Zielona Góra: miesięczny chłopiec w oknie życia

W zielonogórskim oknie życia Caritas 4 stycznia pozostawiono miesięcznego chłopca.

Dziecko zostało znalezione w działającym od 2009 roku oknie życia przy ośrodku, prowadzonym przez siostry elżbietanki. Chłopiec, zgodnie z procedurami, trafi od do szpitala, a następnie do pogotowia rodzinnego, gdzie rozpocznie się proces adopcyjny.

Okno życia, jak wyjaśnia na swoim facebookowym profilu Caritas Diecezji Zielonogórsko-Gorzowskiej, to „miejsce gdzie matki mogą zostawić swoje nowonarodzone dzieci, którymi z różnych przyczyn nie mogą się zaopiekować”.

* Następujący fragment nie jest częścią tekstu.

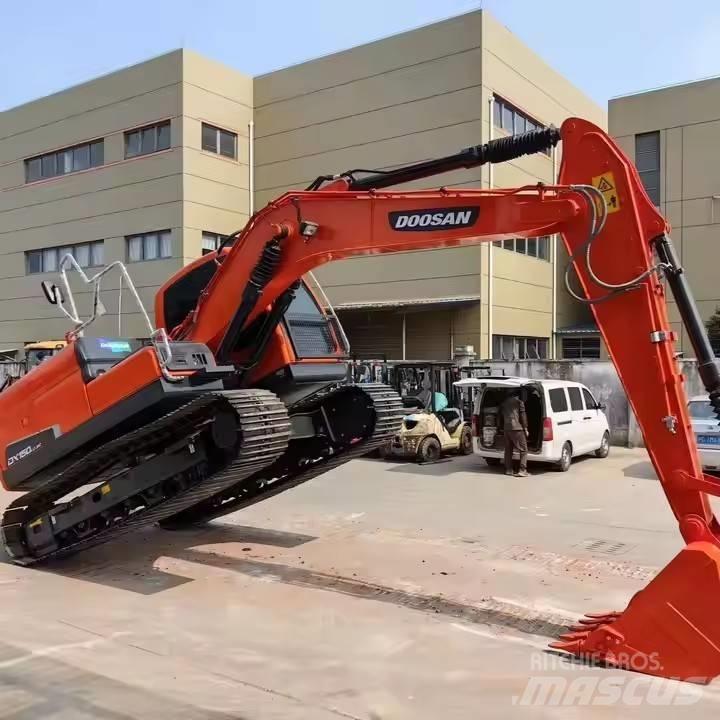 Doosan DX150 中型油圧ショベル 7ｔ-12ｔ（ユンボ・パワーショベル・バックホー）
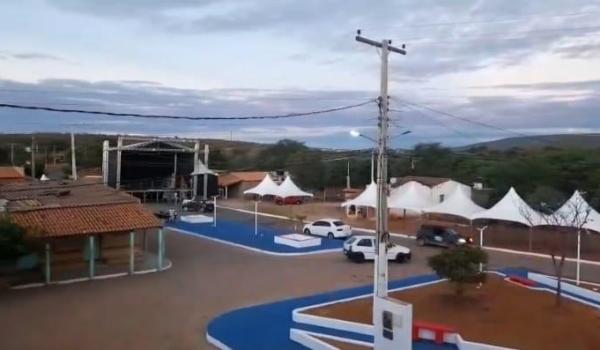 Imagens da PRAÇA NOSSA SENHORA DE FÁTIMA TOTALMENTE REQUALIFICADA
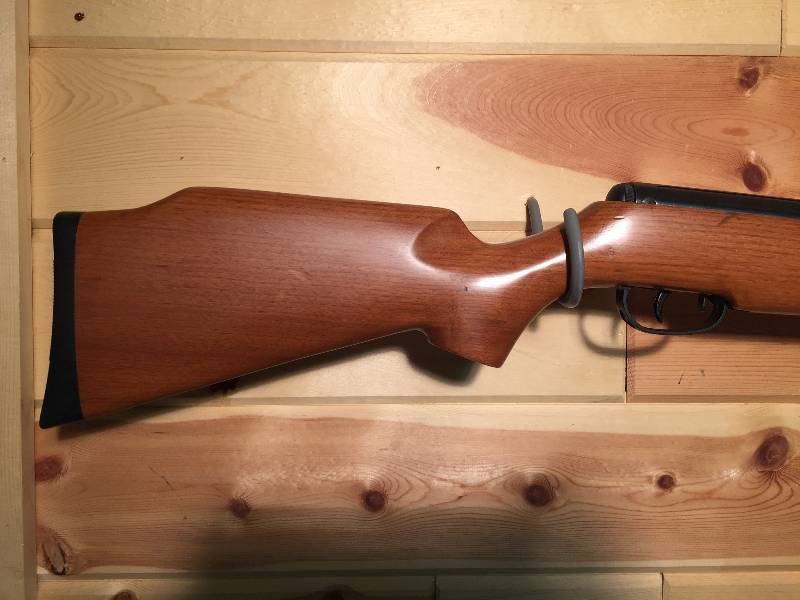 lot 19 image: Crossman Storm .177 Pelletgun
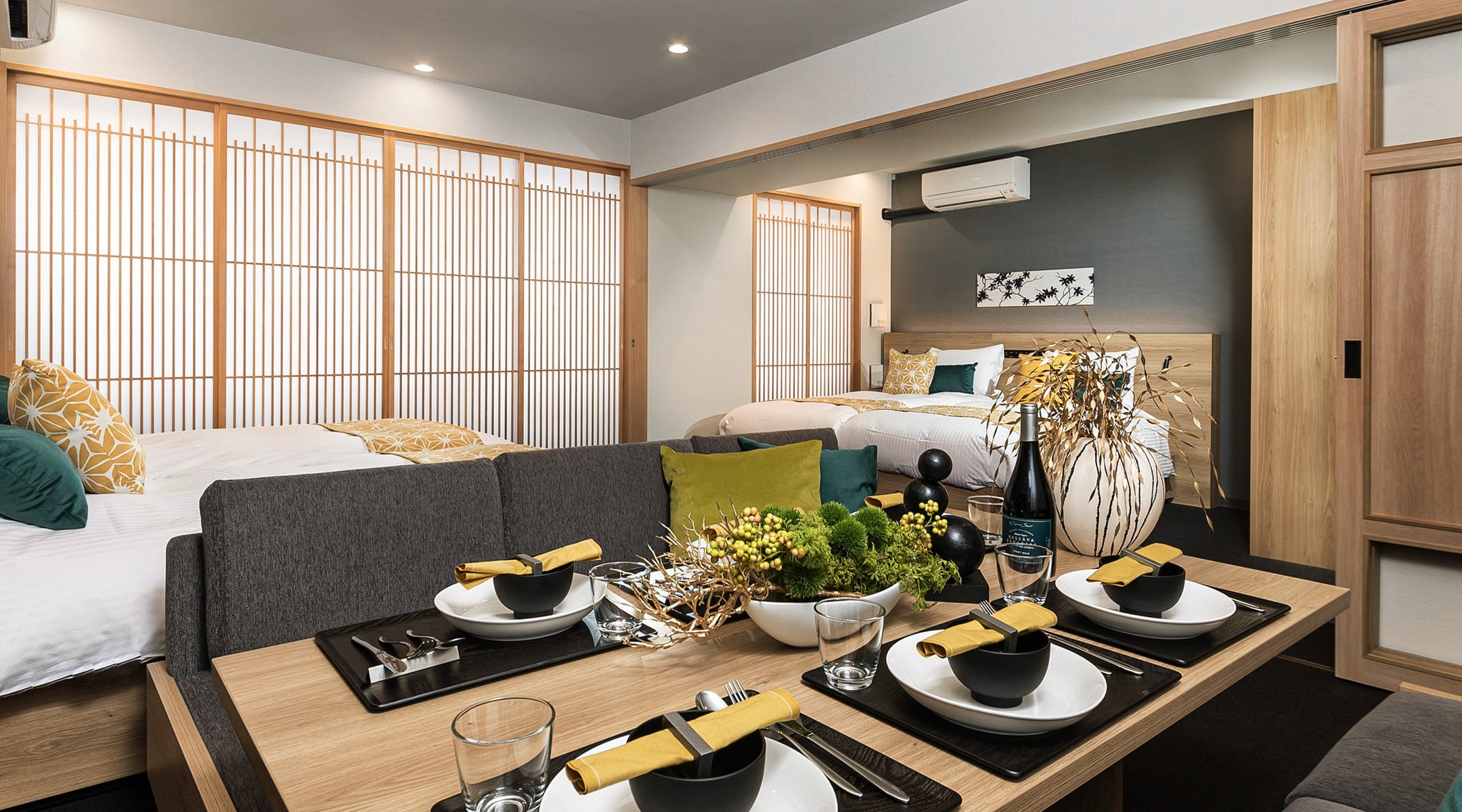 MIMARU京都 新町三条 — 京都市中京区・烏丸御池 · ダイニングテーブルとベッド4台を備えた障子のある客室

Dziecko trafia w bezpieczne miejsce, nikt z otoczenia matki nie musi o tym wiedzieć.

„Okno otwiera się z zewnątrz. Matka zostawia dziecko w małym łóżeczku, na ogrzewanym parapecie. Po dwóch minutach włącza się alarm słyszany tylko w budynku, i siostry/ pracownicy ośrodka odbierają noworodka. Kobieta ma czas, żeby bezpiecznie odejść i zachować anonimowość. W pomieszczeniu znajduje się tzw. „ciepłe gniazdko”, w którym dziecko czeka na przyjazd karetki z lekarzem” – opisuje Caritas.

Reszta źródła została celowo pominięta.